Basic Probability Theory
- Statistics 1.2
Axiomatic Foundations of Probability
When an experiment is performed, the realization of the experiment is an outcome in the sample space. If the experiment is repeated, the outcomes may vary. The probability of an event is a measure of how likely that event is to occur.
Sigma-Algebra
A collection of subsets, of a sample space $S$ is called a sigma-algebra(or Borel field), denoted by $\mathscr{B}$, if it satisfies the following properties:
- $\emptyset \in \mathscr{B}$
- $A \in \mathscr{B} \implies A^\complement \in \mathscr{B}$
- $A_i \in \mathscr{B} \; (i \in I) \implies \bigcup_{i \in I} A_i \in \mathscr{B}$
By the second and third properties and the De Morgan’s laws, we can also conclude that
- $A_i \in \mathscr{B} \; (i \in I) \implies \bigcap_{i \in I} A_i \in \mathscr{B}$.

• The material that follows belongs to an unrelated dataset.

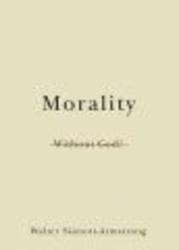 Morality Without God? Philosophy in Action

Associated with sample space $S$, we can have many different sigma-algebras. For example, the collection of the two sets ${\emptyset, S}$ is a sigma-algebra, called the trivial sigma-algebra. The largest sigma-algebra associated with $S$ is the collection of all subsets of $S$, called the power set of $S$, denoted by $\mathcal{P}(S)$.
Probability Function
A probability function is a function $P: \mathscr{B} \to \mathbb{R}$ that satisfies the following properties:
- $\forall A\in \mathscr{B}: \;P(A) \ge 0$
- $P(S) = 1$
- If $\set{A_i}_{i \in I} \subseteq \mathscr{B}$ are pairwise disjoint, then \[ P\left(\bigcup_{i \in I} A_i\right) = \sum_{i \in I} P(A_i) \]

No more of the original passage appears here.